Unexpected allocations after re-including unchanged file in ODE simulation

Hello!

I’m running a large number of parallel Monte Carlo simulations, so I’m working to minimize memory allocations in my code. While doing this, I encountered some behavior I don’t fully understand.

I’m using Julia Version 1.11.6 and OrdinaryDiffEq v6.101.0.

Consider the following code:

using Parameters, OrdinaryDiffEq;
const DEIntegrator = OrdinaryDiffEq.OrdinaryDiffEqCore.ODEIntegrator;

include("functions.jl");

solver_params = generate_solver_params();
integrator = get_integrator(solver_params);

@time output1 = solve_ode!(integrator, solver_params);
reinit!(integrator);
@time output1 = solve_ode!(integrator, solver_params);

include("functions.jl");

reinit!(integrator);
@time output2 = solve_ode!(integrator, solver_params);
reinit!(integrator);
@time output2 = solve_ode!(integrator, solver_params);

On the first run, the second @time shows zero allocations, as expected for compiled code. However, after re-including functions.jl —without making any changes to the file—subsequent @time calls show unexpected allocations after compilation (see the fourth @time):

0.023522 seconds (5.08 k allocations: 262.219 KiB, 19.72% compilation time)
0.020661 seconds
0.028323 seconds (85.08 k allocations: 4.528 MiB, 15.60% compilation time)
0.025087 seconds (80.00 k allocations: 4.272 MiB)

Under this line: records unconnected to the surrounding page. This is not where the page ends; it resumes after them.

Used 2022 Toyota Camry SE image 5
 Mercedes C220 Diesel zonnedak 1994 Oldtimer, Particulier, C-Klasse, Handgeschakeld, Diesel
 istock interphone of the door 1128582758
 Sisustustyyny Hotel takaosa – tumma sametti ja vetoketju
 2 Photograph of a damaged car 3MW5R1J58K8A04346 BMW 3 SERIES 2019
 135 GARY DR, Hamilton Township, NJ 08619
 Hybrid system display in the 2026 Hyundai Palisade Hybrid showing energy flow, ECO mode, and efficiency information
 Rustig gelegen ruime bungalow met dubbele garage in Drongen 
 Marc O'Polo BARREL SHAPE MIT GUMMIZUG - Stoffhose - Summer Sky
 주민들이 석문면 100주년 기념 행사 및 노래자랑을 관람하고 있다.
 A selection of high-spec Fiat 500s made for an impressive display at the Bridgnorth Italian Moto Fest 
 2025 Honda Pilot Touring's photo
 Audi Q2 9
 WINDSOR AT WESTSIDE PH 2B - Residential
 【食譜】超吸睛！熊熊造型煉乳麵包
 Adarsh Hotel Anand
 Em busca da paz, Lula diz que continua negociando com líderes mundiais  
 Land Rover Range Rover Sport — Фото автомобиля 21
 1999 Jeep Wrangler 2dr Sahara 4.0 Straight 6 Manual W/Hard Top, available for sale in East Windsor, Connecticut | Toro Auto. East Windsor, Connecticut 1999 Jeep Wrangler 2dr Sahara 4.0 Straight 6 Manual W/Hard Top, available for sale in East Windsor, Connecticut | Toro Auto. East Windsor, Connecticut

The content of functions.jl is:

function get_initial_condition(total_dim::Int)
    x0=ones(Float64, total_dim)
    return x0
end

function generate_solver_params()
    total_dim::Int = 1000               # Dimension of the system
    t_end::Float64 = 10.0               # End time
    n_tot::Int = 10_000                 # Number of time steps
    ts_all = range(start=0.0, stop=t_end, length=n_tot+1)
    dt::Float64 = ts_all[2]-ts_all[1]   # Time step size
    decay_rate::Float64 = 1.0           # Constant decay rate
    return (; total_dim, t_end, n_tot, ts_all, dt, decay_rate)
end

function rhs!(dx::Vector{Float64}, x::Vector{Float64}, solver_params::P, t::Float64) where {P<:NamedTuple}
    @unpack decay_rate = solver_params
    dx .= -decay_rate .* x
    return nothing
end

function get_integrator(solver_params::P) where {P<:NamedTuple}
    @unpack total_dim,t_end,n_tot,ts_all,dt,decay_rate = solver_params
    prob = ODEProblem(rhs!, get_initial_condition(total_dim), (0.0, t_end), solver_params)
    integrator = init(prob, RK4();
        adaptive=false,
        dt=dt,
        dense=false,
        save_everystep=false,
        save_on=false,
        save_start=false,
        save_end=false)
    return integrator
end

function solve_ode!(integrator::I, solver_params::P) where {I<:DEIntegrator, P<:NamedTuple}
    @unpack n_tot, dt = solver_params
    for _ in 1:n_tot
        step!(integrator, dt)
    end
    return integrator.u
end

I suspect this behavior is related to Julia’s method invalidation or the way functions are recompiled when re-evaluated. Re-including functions.jl redefines rhs!, which likely triggers recompilation or invalidates previously compiled method specializations, leading to unexpected allocations.

When I explicitly wrap rhs! using ODEFunction{true}, specifying that it is in-place, the issue disappears:

prob = ODEProblem(ODEFunction{true}(rhs!), get_initial_condition(total_dim), (0.0, t_end), solver_params)

After this change, allocations remain at zero even after re-including functions.jl :

  0.487818 seconds (3.92 M allocations: 219.215 MiB, 8.36% gc time, 96.45% compilation time)
  0.017568 seconds
  0.301034 seconds (2.28 M allocations: 126.925 MiB, 2.18% gc time, 94.06% compilation time)
  0.021564 seconds

However, compilation takes significantly longer and consumes considerably more memory.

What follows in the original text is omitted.